§ WHAT NEEDS TO BE DONE
Output only the lines below from the one containing "Bild in Galerie-Betrachter" to the one containing "Flares go off", exactly as written, both ends kept.

§ RECORDS FOR THE EXERCISE

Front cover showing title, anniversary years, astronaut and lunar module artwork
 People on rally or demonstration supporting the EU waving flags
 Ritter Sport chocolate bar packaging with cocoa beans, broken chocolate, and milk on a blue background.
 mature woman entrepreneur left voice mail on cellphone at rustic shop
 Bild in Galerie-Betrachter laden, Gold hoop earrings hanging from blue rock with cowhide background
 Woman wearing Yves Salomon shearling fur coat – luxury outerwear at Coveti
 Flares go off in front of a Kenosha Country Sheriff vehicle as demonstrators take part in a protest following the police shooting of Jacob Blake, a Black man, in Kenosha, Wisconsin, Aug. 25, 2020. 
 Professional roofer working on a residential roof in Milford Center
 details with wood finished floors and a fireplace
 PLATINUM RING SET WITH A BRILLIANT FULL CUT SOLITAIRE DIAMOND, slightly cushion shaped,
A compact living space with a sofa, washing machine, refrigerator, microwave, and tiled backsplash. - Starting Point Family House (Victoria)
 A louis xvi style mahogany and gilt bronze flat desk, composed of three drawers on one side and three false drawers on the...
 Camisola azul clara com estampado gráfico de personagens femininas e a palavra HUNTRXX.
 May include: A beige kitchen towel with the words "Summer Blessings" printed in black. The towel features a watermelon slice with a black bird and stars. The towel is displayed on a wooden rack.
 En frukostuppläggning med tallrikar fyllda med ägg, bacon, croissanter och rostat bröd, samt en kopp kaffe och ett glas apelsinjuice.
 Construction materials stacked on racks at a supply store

§ WRITTEN RESPONSE
 Bild in Galerie-Betrachter laden, Gold hoop earrings hanging from blue rock with cowhide background
 Woman wearing Yves Salomon shearling fur coat – luxury outerwear at Coveti
 Flares go off in front of a Kenosha Country Sheriff vehicle as demonstrators take part in a protest following the police shooting of Jacob Blake, a Black man, in Kenosha, Wisconsin, Aug. 25, 2020. 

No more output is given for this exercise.